When studying for my German PPL exam, I came across this question:

For those that do not speak German I'll try to translate the question, but bear with me as it is kinda picky what I'm trying to get across here:

During flight on a straight track with constant speed

3. headwind will increase the distance needed to descent 50m

As you can see answer 4 is supposed to be the correct one. I disagree, so I started searching for a reason, yet I couldn't find anything useful. Let me explain my train of thoughts:

I didn't really know the "gradient of climb", I always used the two terms "angle of climb" and "rate of climb". Thus I'm trying to figure out which one the gradient of climb is. Common sense makes me think it is the same as the angle of climb (gradient does just sound like an angle). This opinion is supported by SIDs, which have a PDG (Procedure Design Gradient) that is given in percent, just like the gradient of climb.

Assuming the gradient of climb is indeed the same as the angle of climb, the only way for the "correct" answer to be confirmed is by taking the distance traveled during the climb relative to the air, not to the ground (angle of climb is defined as the height gained divided by the horizontal distance traveled in a certain amount of time). This would mean that it is used with IAS, rather than GS, which in my opinion absolutely makes no sense ("Hey look, that mountain is 10NM away, we are climbing with 600 ft/min. and going 100 KIAS and need 3500ft more to go over the top, we're all good!" - Well, add a tailwind of 25kts, the pilot would still think he's good to go but it'd result in CFIT...).

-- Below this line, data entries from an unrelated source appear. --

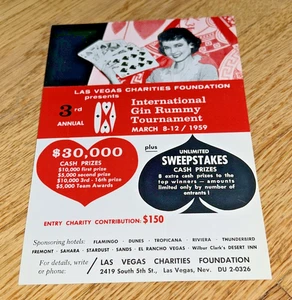 1959 Las Vegas INTERNATIONAL GIN RUMMY TOURNAMENT Promotional Postcard - Picture 1 of 4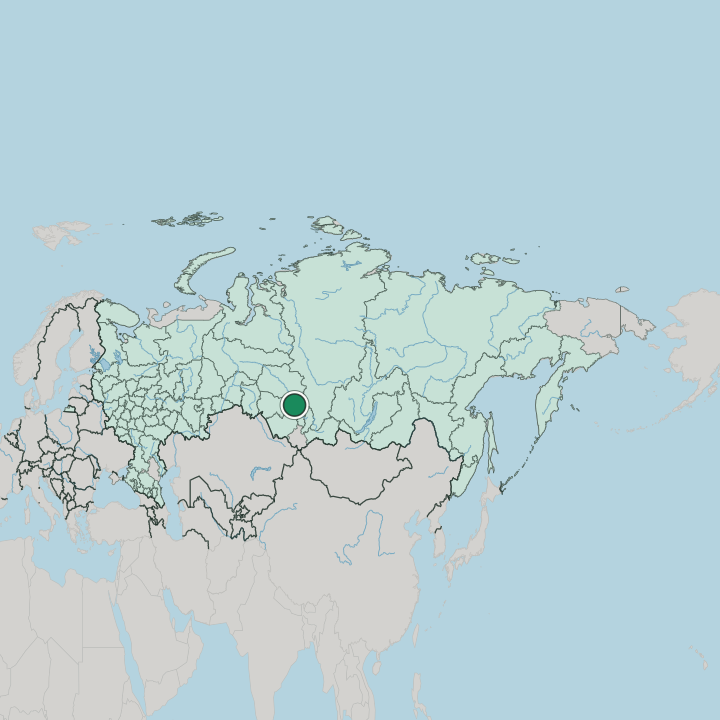 Map showing Kemerovo — In Russia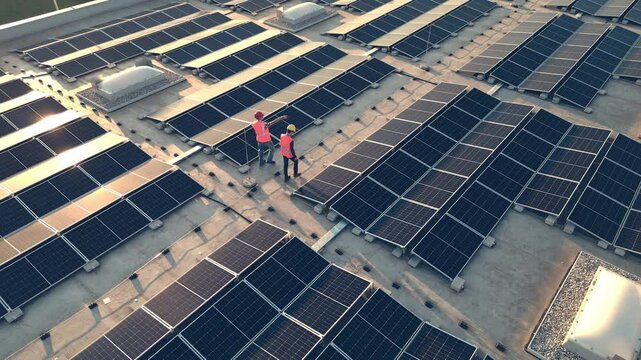Workers conducting maintenance on rooftop solar panels array at sunset, aerial view. Engineers walking on roof while inspecting PV modules drone view. Green energy generation
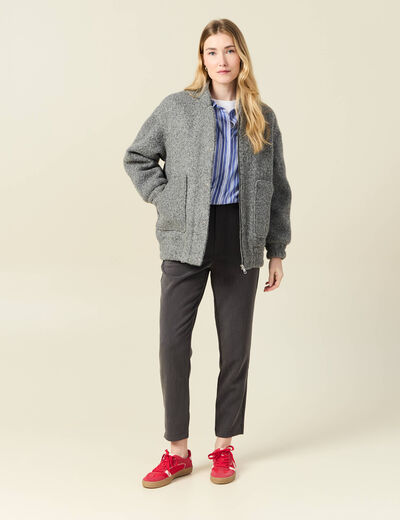 Pantalon cigarette gris femme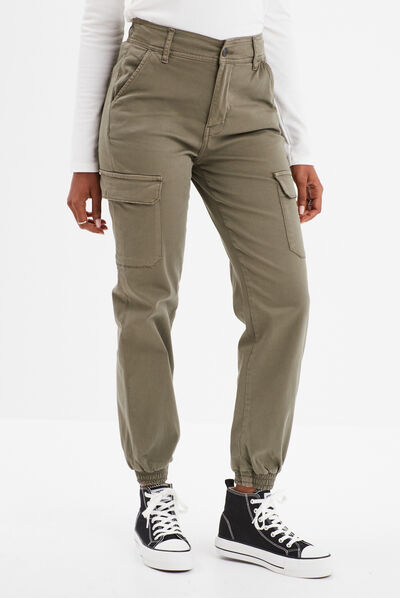 Pantalon cargo taille haute vert kaki femme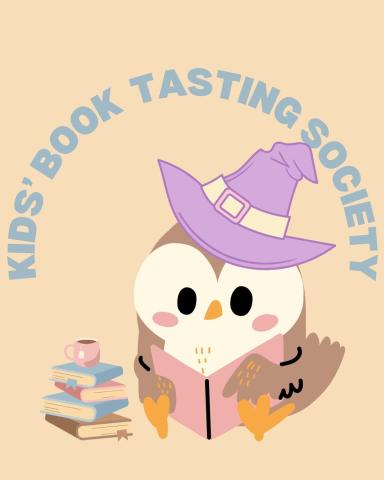 Illustration of a bird wearing a witch hat and reading with a stack of books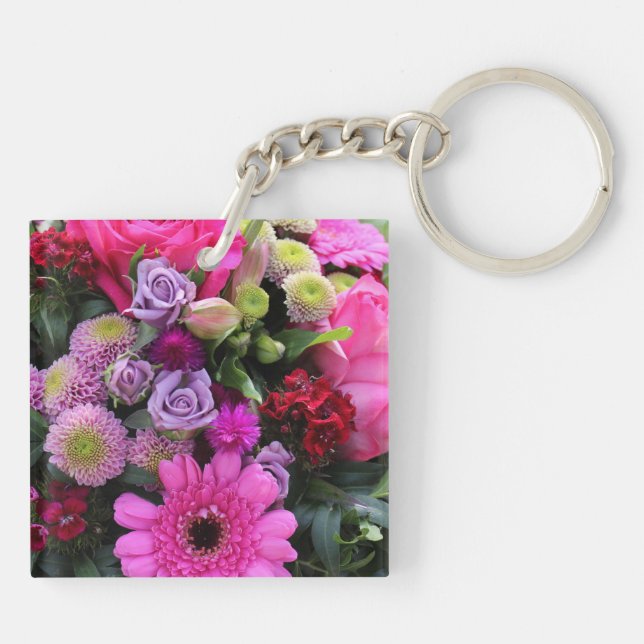 Pink and Violet Flower Bouquet Photo Key Ring (Back)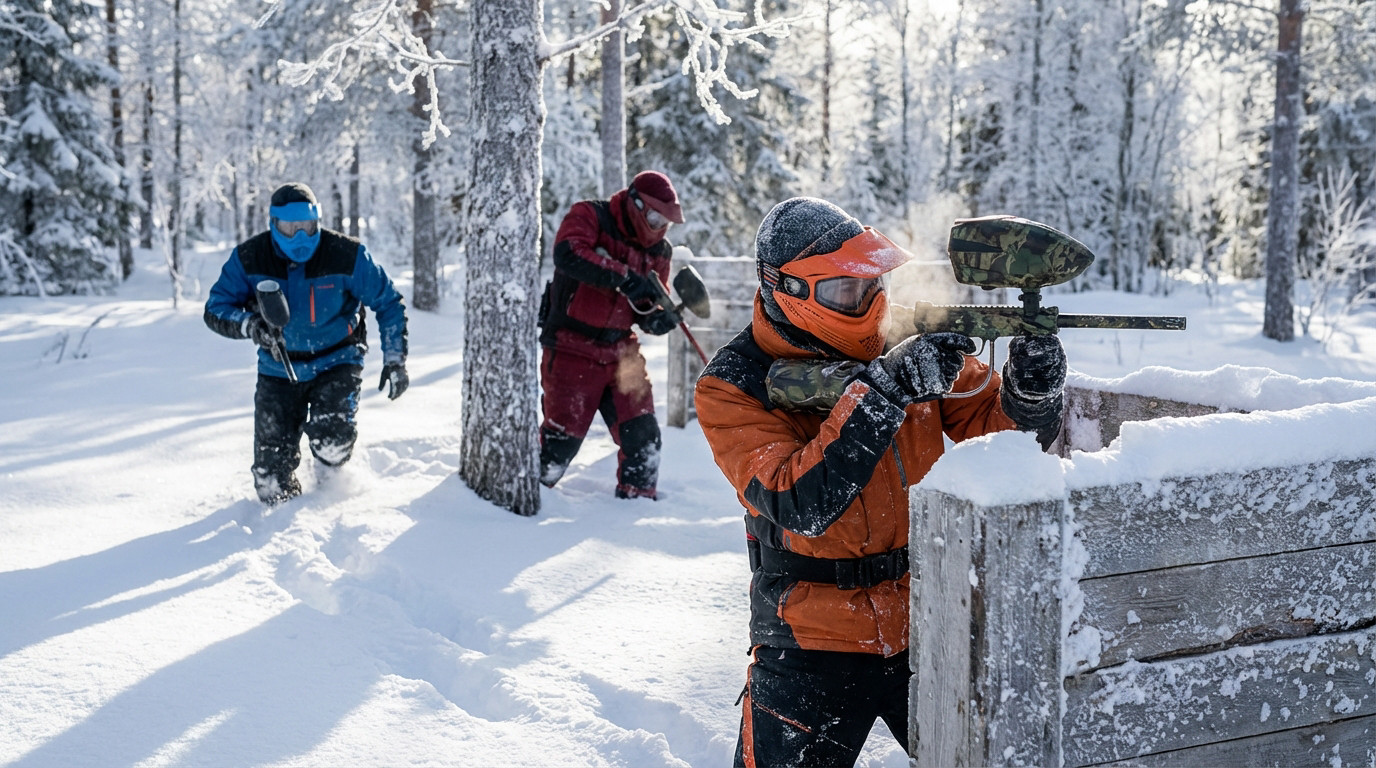 Joueurs de paintball avec masques et lanceurs dans une forêt enneigée. L'un est à couvert derrière un obstacle en bois.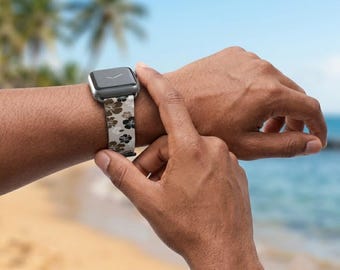 Brown Hibiscus Floral Pattern Watch Band | Tropical Apple Watch Strap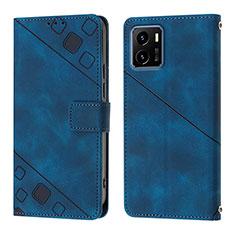 Coque Portefeuille Livre Cuir Etui Clapet Y02B pour Vivo iQOO U5x Bleu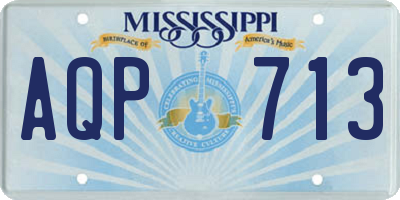 MS license plate AQP713
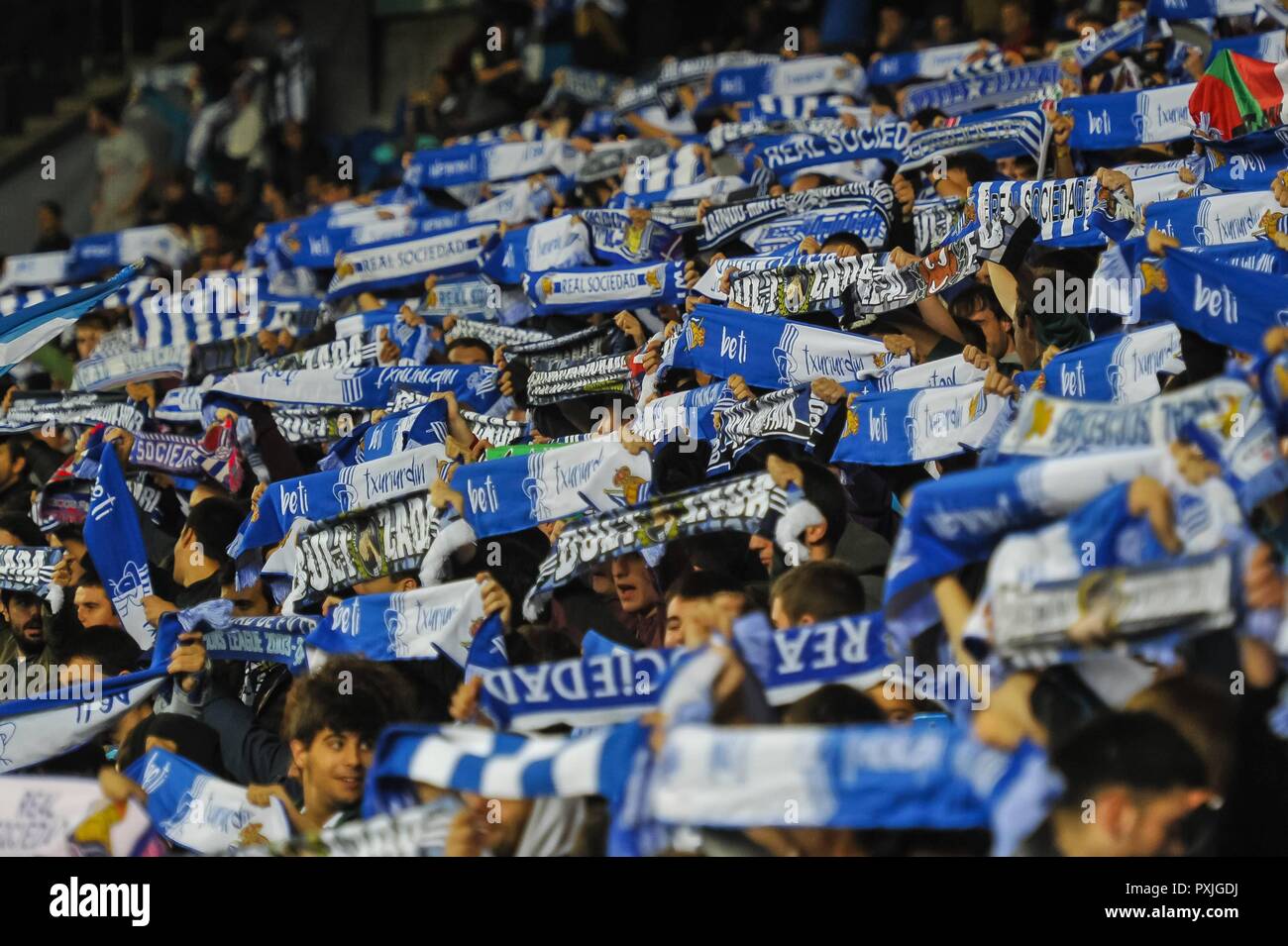 San Sebastian, Spanien. 22 Okt, 2018. Während der Spanischen Liga Fußballspiel zwischen Real Sociedad und Girona an der Anoeta Stadium am 22. Oktober 2018 in San Sebastian, Spanien Quelle: CORDON PRESSE/Alamy leben Nachrichten Stockfoto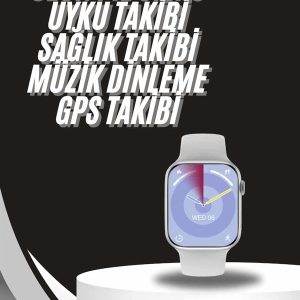 Akıllı Saat Gümüş Kasa Bluetooth Kulaklık Hediyeli Çok Fonksiyonlu İkili Set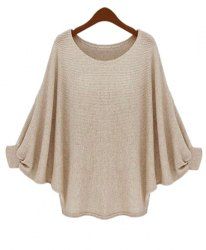 2018 Fresh Style Solid Color Batwing Sleeve Loose Pullover Sweater For ...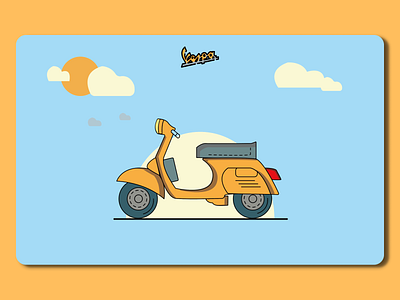 Classic Vespa art branding character design icon illustration logo typography vector vespa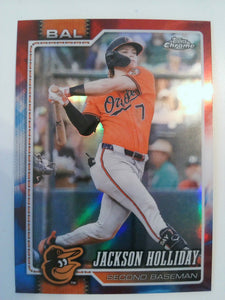 2026 Topps Chrome Baseball Red White and Blue Refractors Jackson Holliday #136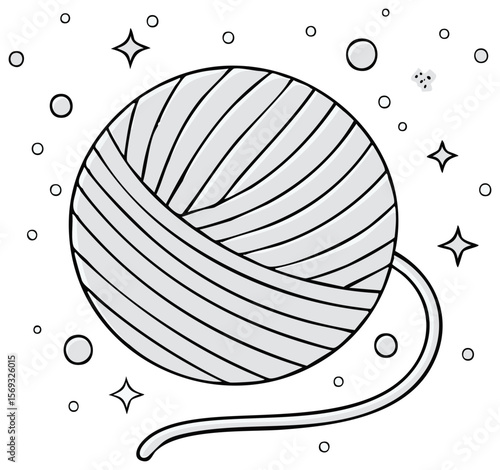Illustration of a ball of yarn with string unraveled on black starry background, craft and hobby supplies icon art.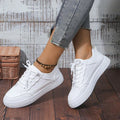 2025 Women Fashion White Sneakers Spring Autumn Sport Running Breathable Tennis Shoes Casual Lace Up Flat Skid-Proof Shoes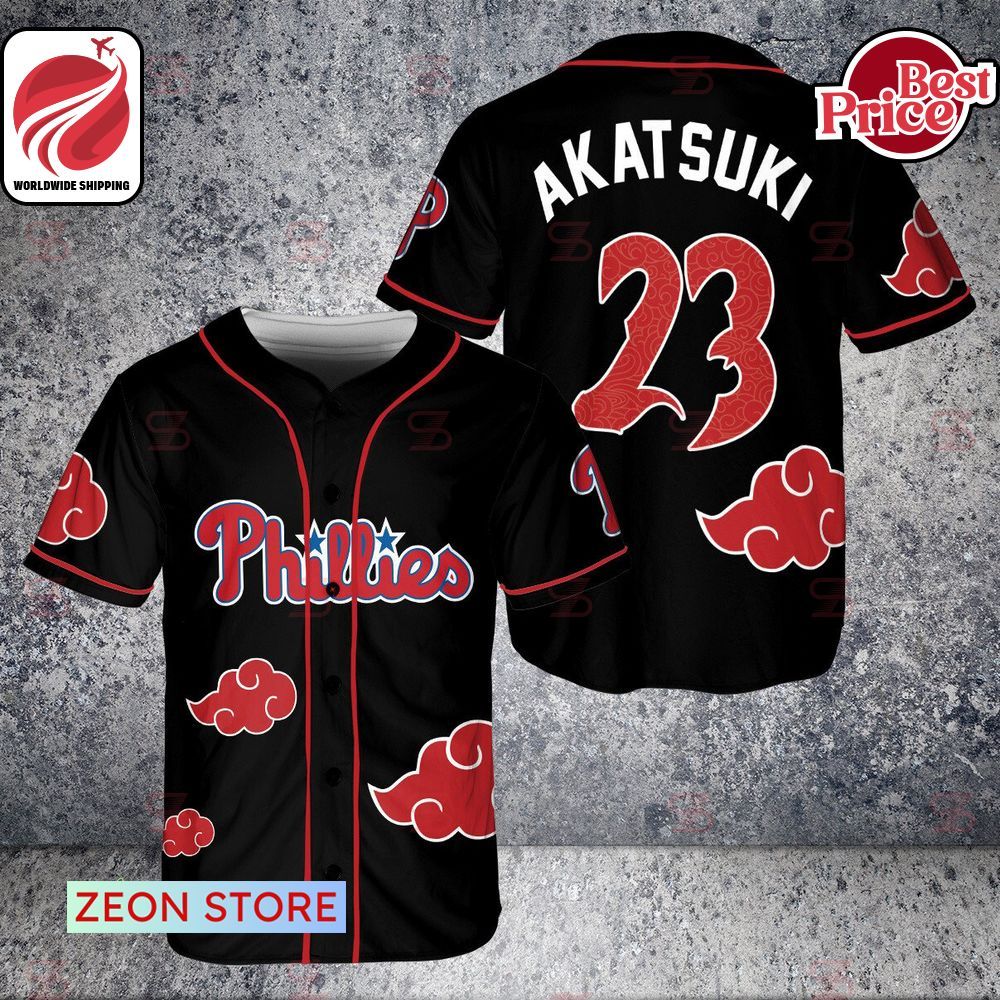 Philadelphia Phillies Anime Naruto Akatsuki Cloud Baseball Jersey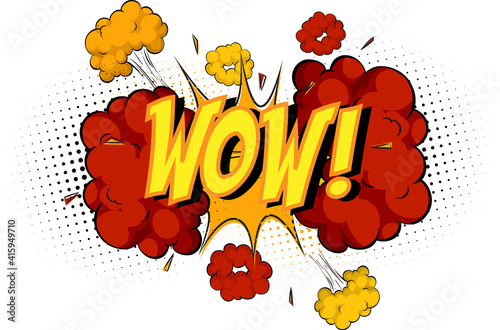 Word Wow on comic cloud explosion background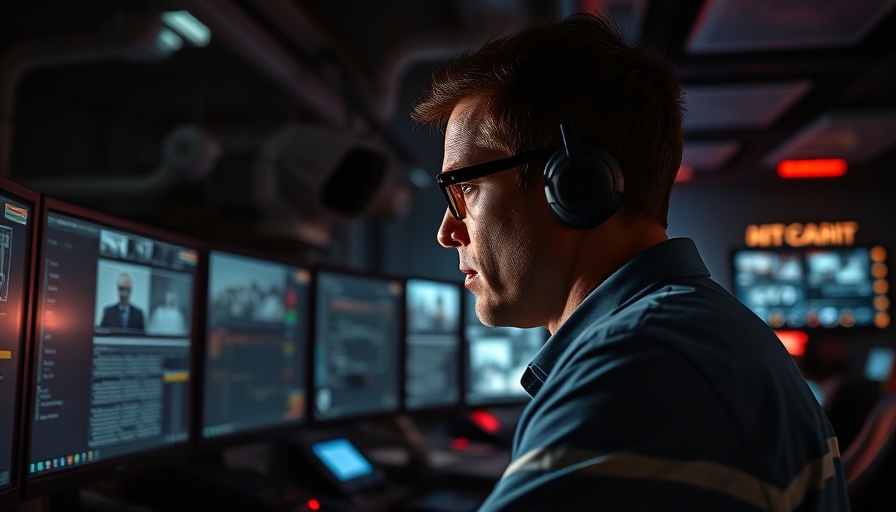 Security officer monitoring CCTV, exemplifying commercial security trends 2025.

The question I have is: How is answer 4 the correct one?

• IF "constant speed" in the question means constant IAS, then answer #1 is correct IF "gradient of climb" is defined relative to the ground, but #4 is correct IF "gradient of climb" is defined as relative to the air. If "constant speed" means constant groundspeed, then #4 is correct. I don't know what definitions the German test is based on, but in the real world, a headwind gives you a better climb gradient & a tailwind a worse one; "gradient of climb" that's NOT related to the ground is useless until whatever correction that does relate it to the ground gets applied. I'd have answered #1. – Ralph J Sep 12 '16 at 15:29
• @RalfJ my thoughts, precisely. Thus I'm confused! – Maverick283 Sep 13 '16 at 7:16
• I found this thread over on PPRuNe discussing the difference between climb gradient and flight path angle. It seems that under EASA "gradient" is used for aircraft performance data and is expressed with reference to the air. When used in reference to the ground for obstacle clearance they apparently prefer "flight path angle." This is apparently different from FAA usage which uses gradients for some things and angles for others. – TomMcW Sep 16 '16 at 20:19
• If you climb a flight of stairs on a cruise ship traveling at 50 kts, does the speed of the cruise ship affect how steep the stairs are? – Charles Bretana Feb 20 '18 at 13:23
• Headwind and tailwind matter. An aircraft with a 40mph stall cruising into a 50mph head wind will appear to climb vertical, like a helicopter. (This is often the case with Super Cubs in Alaska). "Assuming the gradient of climb is indeed the same as the angle of climb". I have had approaches into 35mph winds where I nearly landed vertical - taxing was another issue. – jwzumwalt Feb 20 '18 at 14:04

I could not find a technical definition for Gradient of Climb. But from the FAA's Pilot Handbook the closest thing is Angle of Climb (AOC). How it differs from a jet to a prop, and that TAS and Thrust Excess (TE) are the only factors.

Wind is not a factor.

The text mentions flight path, which is the result of Angle of Attack and TAS.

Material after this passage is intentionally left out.